Ele estava sempre no mesmo banco, na mesma praça, da mesma avenida, de mesmas árvores. Sua vida se tornou uma rotina contínua, até os carros pelos quais cruzava já os conhecia, gravava as placas para se divertir e testar sua velha e boa memória. Cumprimentava os cachorros da rua Helena Obá e brincava com o gatinho pardo da rua no cruzamento entre a avenida da pracinha e a rua Emídio Salvador. A olhos externos, aparentava um senhor feliz, aposentado, aproveitando a vizinhança, já que sua casa estava cheia de lembranças apenas.

Ele não domou sua vida, mas escolheu seus caminhos, tinha consciência de cada ato e de cada consequência. Se convenceu que nada o faria feliz além de si mesmo. As pessoas são imperfeitas, erram, magoam. Então trabalhou, ganhou dinheiro, comprou uma grande casa, um bom carro, roupas caras, viajou o mundo todo. Foi feliz como muitos outros não puderam ser, num refrão de Engenheiros seguiu a vida, viveu sua ilha.

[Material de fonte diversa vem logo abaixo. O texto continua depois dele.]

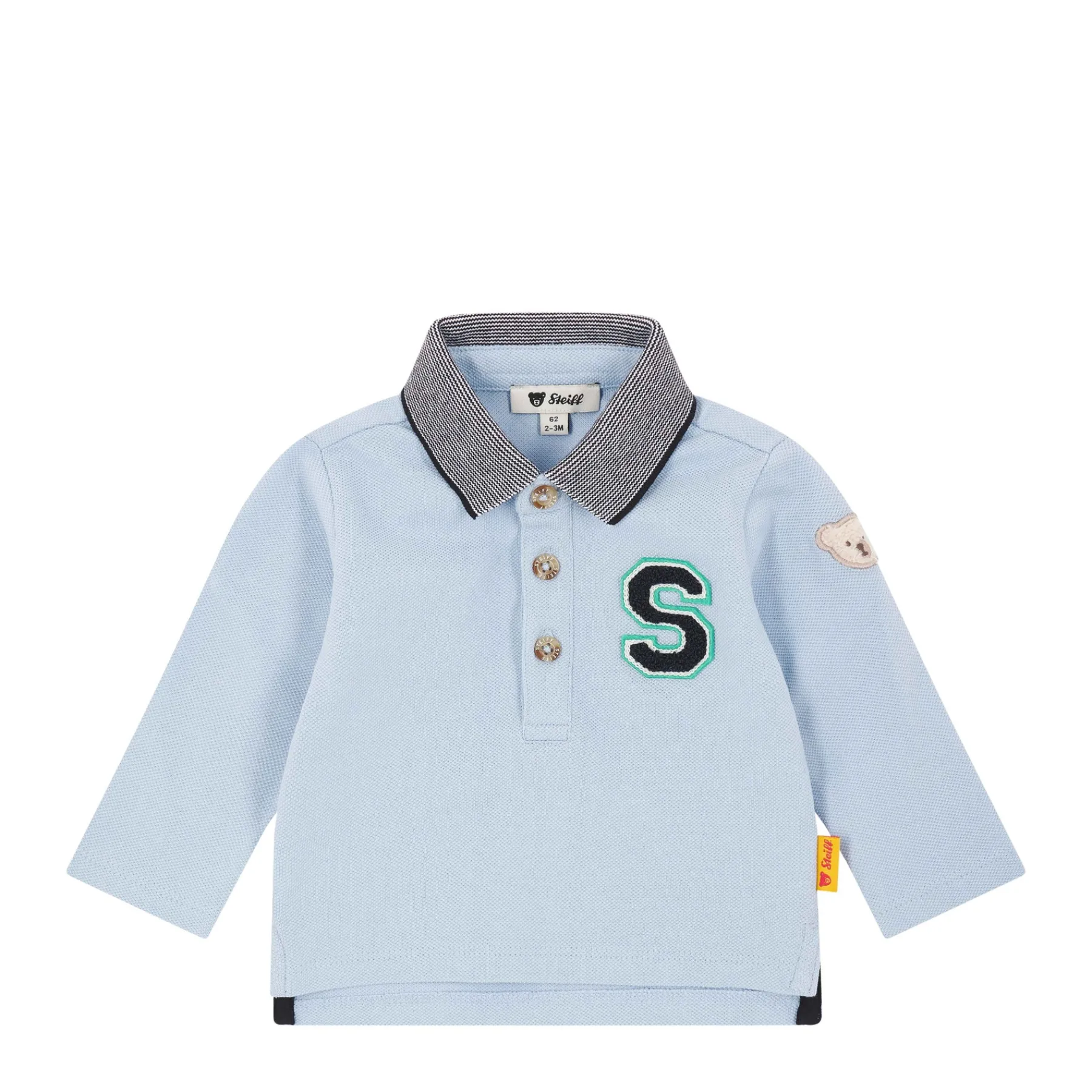 Steiff Bébé Garçon (taille 56-80)|T-shirts À Manches Longues Et Courtes*Polo manches longues, bleu clair pour Garçons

Ele vive hoje nas fotos que religiosamente olha todas as manhãs, tomando um chá verde e comendo algumas bolachinhas que faziam lembrar sua mãe. Dez minutos depois saía, pegava a rua Alphonsus de Guimaraes, admirava a linda catedral, descia na rua Helena Obá e duas quadras mais pra frente virava na rua Emídio Salvador e no cruzamento descia na esquina, aquela mesma de uma canção e seguia pela mesma avenida até avistar seu mesmo banco, da mesma praça. Repousa sua solidão, levantava os óculos escuros e olhava como era o amor, a família, a amizade. Afinal, as pessoas tornam sua cada dia uma tentiva perfeita de ser feliz, amam, cuidam.